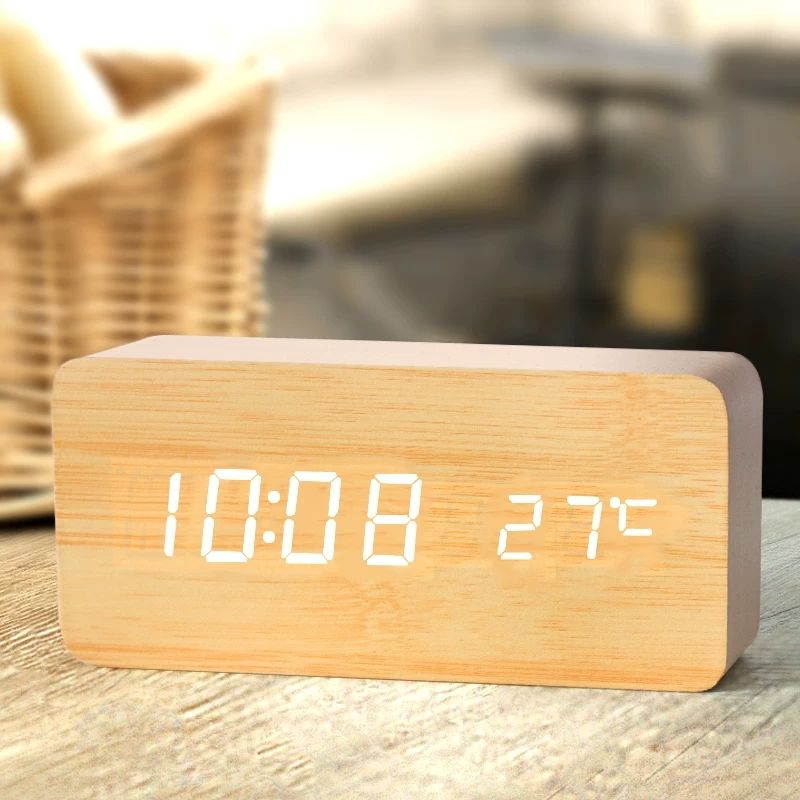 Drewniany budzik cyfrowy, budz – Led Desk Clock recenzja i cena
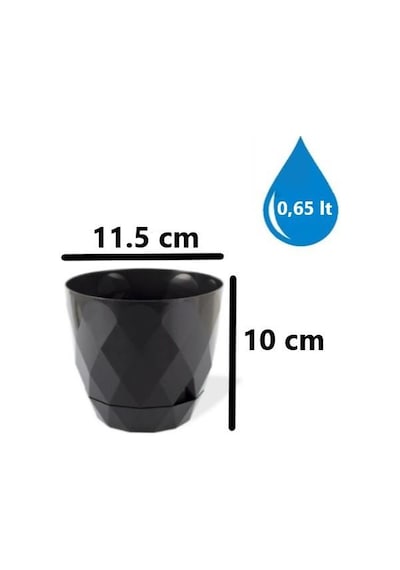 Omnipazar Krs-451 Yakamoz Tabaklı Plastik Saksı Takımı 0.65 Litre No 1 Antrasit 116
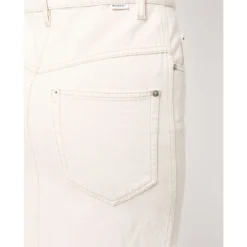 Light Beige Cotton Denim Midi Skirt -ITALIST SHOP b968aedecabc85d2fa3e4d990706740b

- - - -

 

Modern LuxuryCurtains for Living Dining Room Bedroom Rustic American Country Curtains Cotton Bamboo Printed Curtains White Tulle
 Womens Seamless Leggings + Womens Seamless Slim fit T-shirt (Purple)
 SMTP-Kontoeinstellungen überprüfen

- - - -

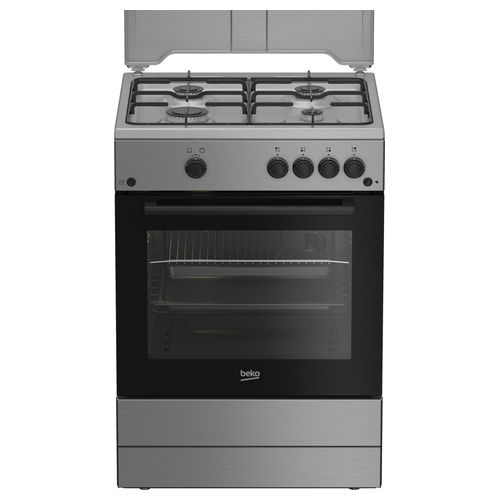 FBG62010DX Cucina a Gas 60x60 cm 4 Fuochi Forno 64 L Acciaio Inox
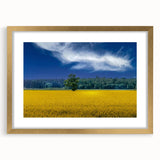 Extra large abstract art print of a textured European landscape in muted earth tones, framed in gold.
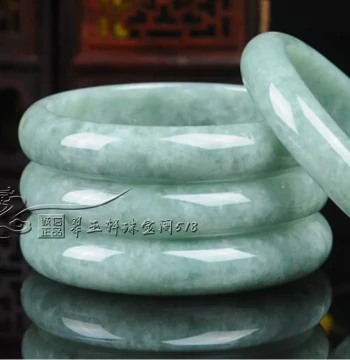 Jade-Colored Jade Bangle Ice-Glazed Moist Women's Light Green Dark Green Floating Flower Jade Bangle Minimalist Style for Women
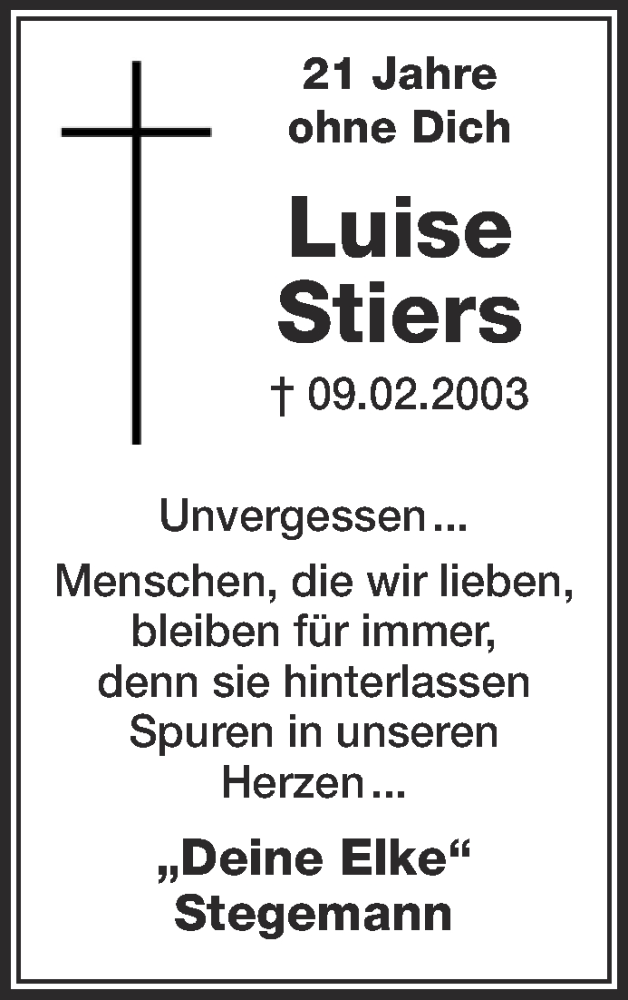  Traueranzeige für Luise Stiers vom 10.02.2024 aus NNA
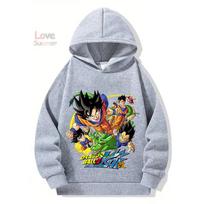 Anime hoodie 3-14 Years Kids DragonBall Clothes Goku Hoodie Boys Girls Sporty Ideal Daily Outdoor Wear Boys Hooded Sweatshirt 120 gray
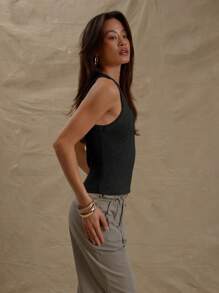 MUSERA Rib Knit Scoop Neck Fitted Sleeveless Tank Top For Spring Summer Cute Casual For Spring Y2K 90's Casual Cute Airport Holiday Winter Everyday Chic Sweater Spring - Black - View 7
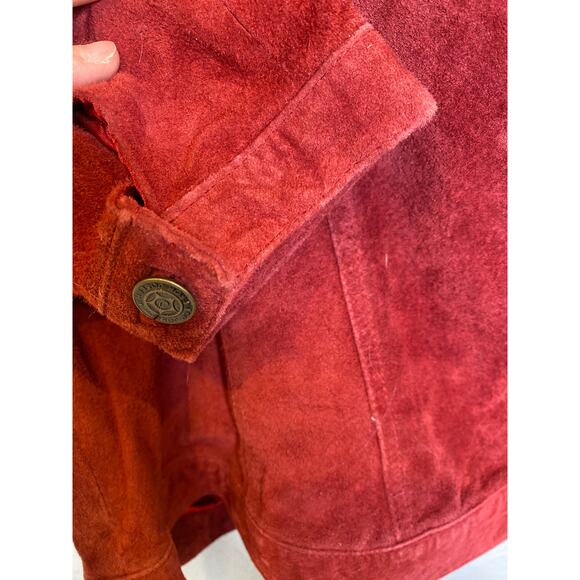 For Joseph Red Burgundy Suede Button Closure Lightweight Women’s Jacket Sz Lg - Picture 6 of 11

- - - -

WHAT THE TASK REQUIRES >>
Output, from the data above, the lines from the line with "Modern LuxuryCurtains for" to the line with "SMTP-Kontoeinstellungen überprüfen" exactly as they stand, both ends included and nothing else.

RESULT OF THE TASK >>
Modern LuxuryCurtains for Living Dining Room Bedroom Rustic American Country Curtains Cotton Bamboo Printed Curtains White Tulle
 Womens Seamless Leggings + Womens Seamless Slim fit T-shirt (Purple)
 SMTP-Kontoeinstellungen überprüfen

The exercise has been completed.